ABSTRACT

Famine was the most painful ordeal faced by the people of Syria in World War I. Hundreds of thousands of lives were lost either as a direct result of the famine or from other social disasters tied to it, such as epidemics, inflation, and the devaluation of paper money. Neither Cemal Pasha’s rule of terror nor the battles that took place on the Sinai front were as influential in changing the attitude of the Syrians against the Ottoman Empire as famine and its consequences. Nor was any factor more decisive in the ultimate failure of Cemal’s plans to increase Ottoman authority in Syria and conduct the behavior of the Syrians in accordance with the ideal of Ottoman unity in the Unionist sense. The impact of the starvation was so devastating in the region that, by the end of the war, total mortality from both starvation and epidemics reached 500,000.1 The famine is also important for understanding the inefficacy of the modern tools used to create state control over the Syrian realm and the Syrian people. As will be detailed below, this incident shows us the aspect of Ottoman Syria that could not be “conducted” by modern state mechanisms or by Cemal’s endeavors, along with his bureaucrats, to abolish these weaknesses to make the state stronger in the eyes of the Ottomans in Syria. Like many Arab nationalists, George Antonius, in his acclaimed study on

the development of Arab nationalism, accused the Ottomans of trading grains at high prices on the black market. In his viewpoint, the Lebanese were deliberately starved due to their sympathies with France.2 Linda Schatkowski Schilcher, however, has demonstrated the Entente’s responsibility in the miseries of the Syrians. She rightfully examined the role of the Entente’s blockade in the deaths caused by starvation in Syria, in addition to the ineptitude of the Ottoman officials, who could not prevent abuse of the circumstances of war and who sometimes profited from these circumstances. The present study aims at widening Schilcher’s analysis, relying primarily on Ottoman, Austrian, and German documents, and to examine the transformation of the Ottoman government in Syria under Cemal Pasha, taking famine as a case study. This chapter will try to demonstrate how the struggle against the famine and its consequences influenced the process of turning the Syrians into ideal Ottomans.

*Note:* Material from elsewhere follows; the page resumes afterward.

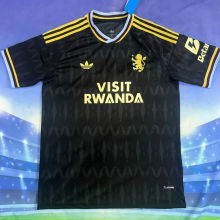 2026/27 Aston Villa Away Black Fans Soccer Jersey 带袖子广告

Similarly, the process of struggling against the destructive impact of the

famine and its results, such as epidemics, also paved the way for the consolidation of the government’s control over the bodies of the Syrian people. All in all, apart from its destructive impact on the different peoples of Syria, the famine is an ideal case study for observing the nature of the new rule established in Syria with the beginning of the war and the inability of this regime to determine the order of things in the region.